*Data shown*
====
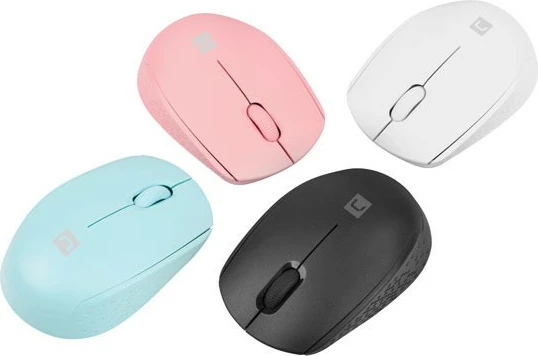 Maus wireless Natec Stork NMY-2001, 1600 DPI, Blu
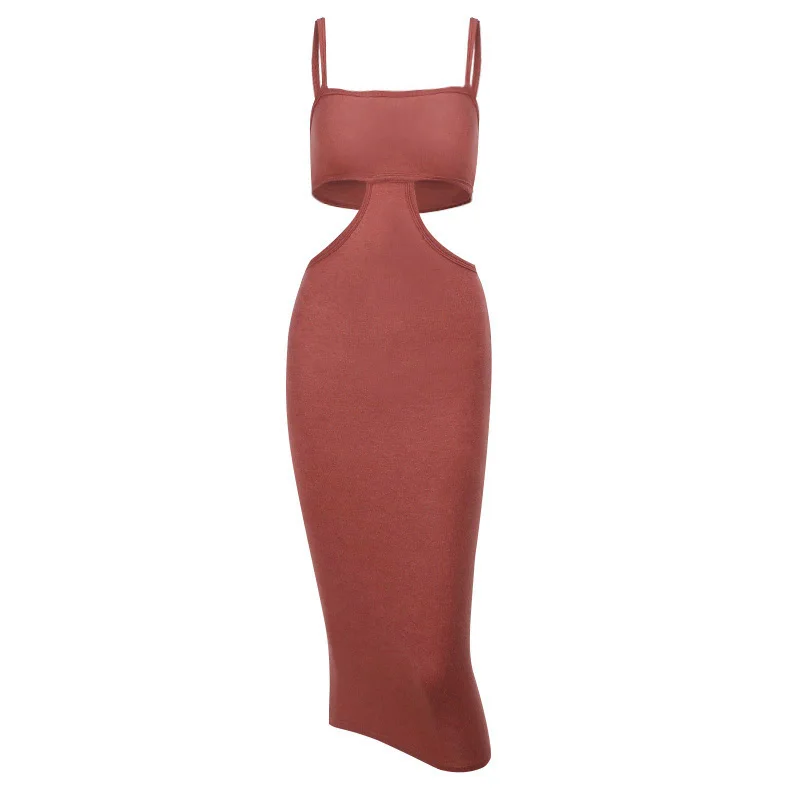Instunning Fashion Hollow Out Cami Dress 2021 Summer Women Solid Bodycon Sexy Elegant Casual Streetwear Knitted Female Dress
Instunning Fashion Hollow Out Cami Dress 2021 Summer Women Solid Bodycon Sexy Elegant Casual Streetwear Knitted Female Dress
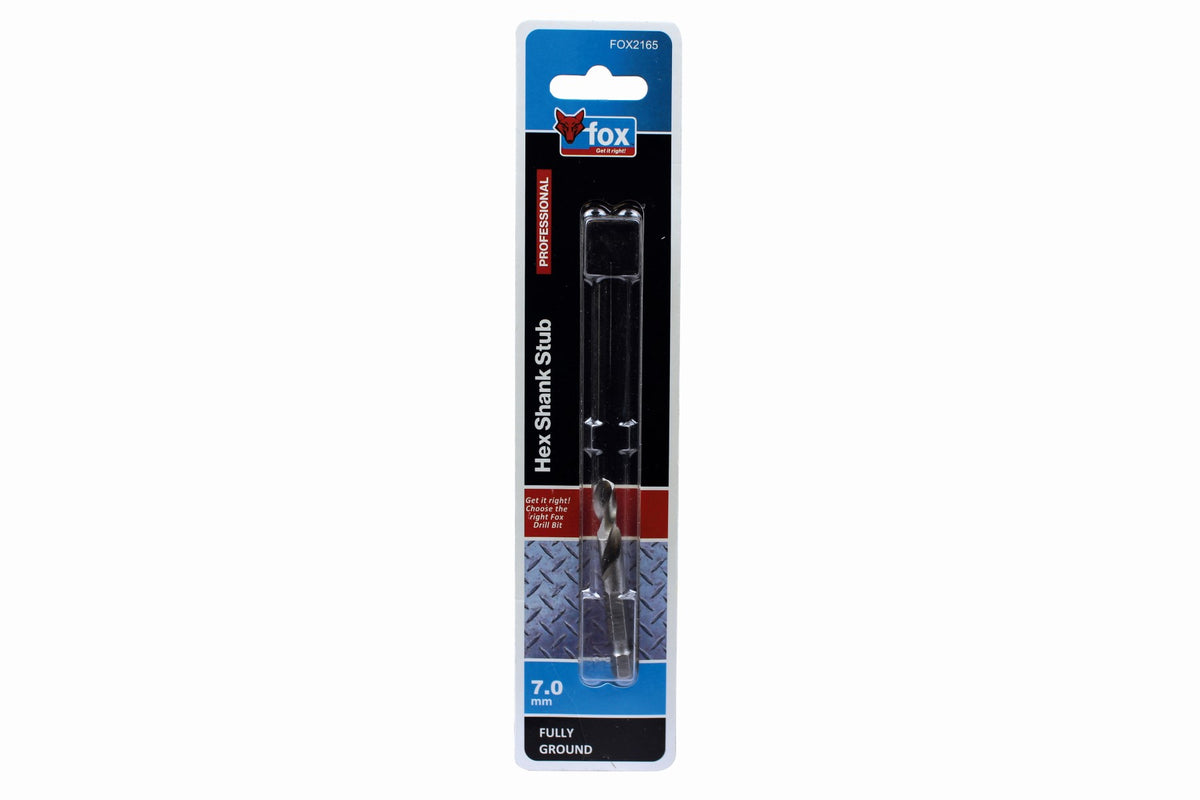 FOX HSS Hex STUB Drill Bit 7.0 X 59mm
====
*Work task*
The pictures stay out; copy the rest of the data word for word.

*The completed task*
 Maus wireless Natec Stork NMY-2001, 1600 DPI, Blu
Instunning Fashion Hollow Out Cami Dress 2021 Summer Women Solid Bodycon Sexy Elegant Casual Streetwear Knitted Female Dress
Instunning Fashion Hollow Out Cami Dress 2021 Summer Women Solid Bodycon Sexy Elegant Casual Streetwear Knitted Female Dress
 FOX HSS Hex STUB Drill Bit 7.0 X 59mm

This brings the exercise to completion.